(Supplied material begins)

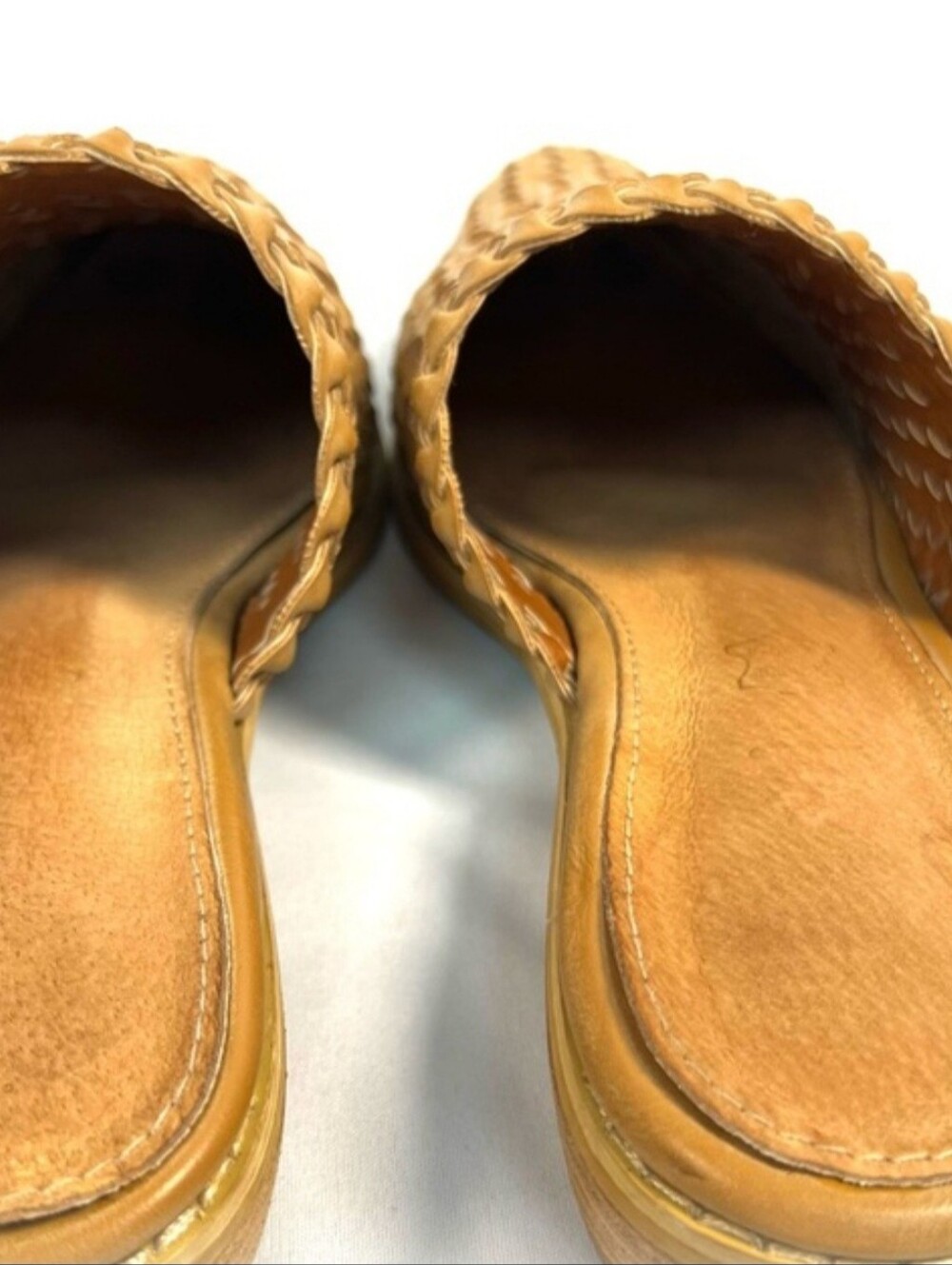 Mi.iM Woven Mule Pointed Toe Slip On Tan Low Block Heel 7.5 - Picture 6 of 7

(Supplied material ends)
(Supplied material begins)

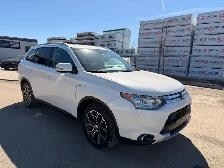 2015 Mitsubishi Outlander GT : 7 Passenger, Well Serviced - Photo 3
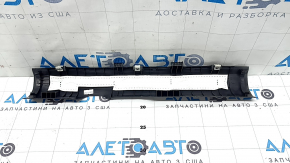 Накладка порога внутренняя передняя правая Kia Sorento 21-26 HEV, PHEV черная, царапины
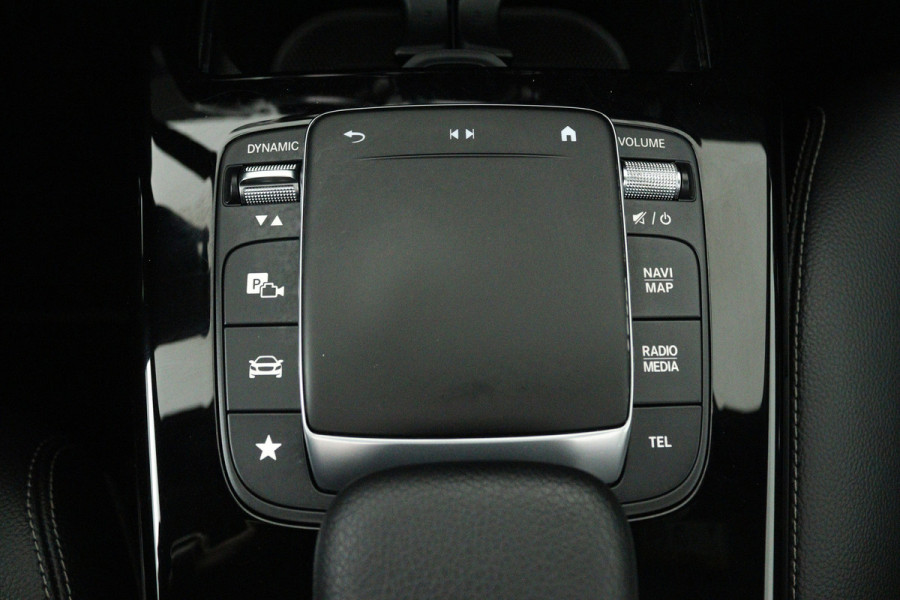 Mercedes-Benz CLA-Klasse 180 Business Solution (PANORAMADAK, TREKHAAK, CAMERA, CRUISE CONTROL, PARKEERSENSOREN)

(Supplied material ends)
(Supplied material begins)

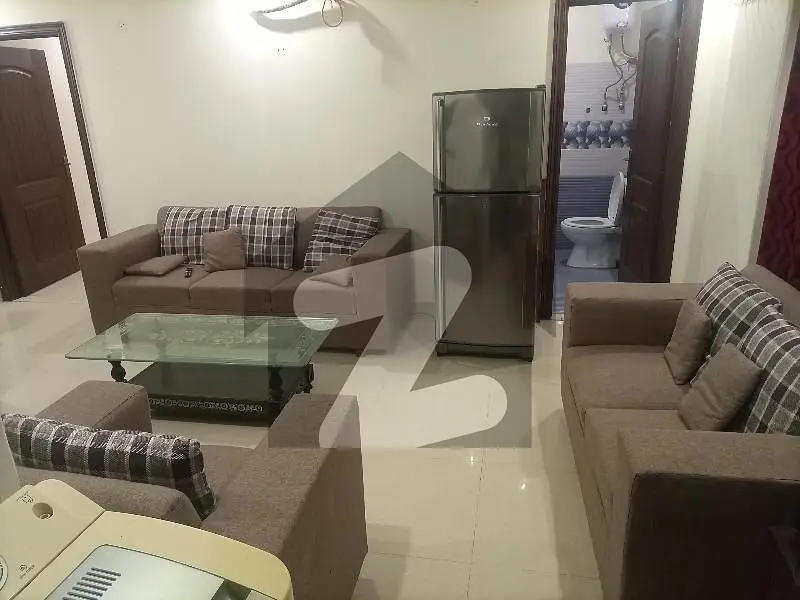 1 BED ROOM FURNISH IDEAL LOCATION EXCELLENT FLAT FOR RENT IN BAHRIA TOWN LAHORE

(Supplied material ends)

Your goal: Please print the lines above word for word, starting at the one with "Накладка порога внутренняя" and ending at the one with "Mercedes-Benz CLA-Klasse 180", both included, and without any picture.

Completed task:
 Накладка порога внутренняя передняя правая Kia Sorento 21-26 HEV, PHEV черная, царапины
 Mercedes-Benz CLA-Klasse 180 Business Solution (PANORAMADAK, TREKHAAK, CAMERA, CRUISE CONTROL, PARKEERSENSOREN)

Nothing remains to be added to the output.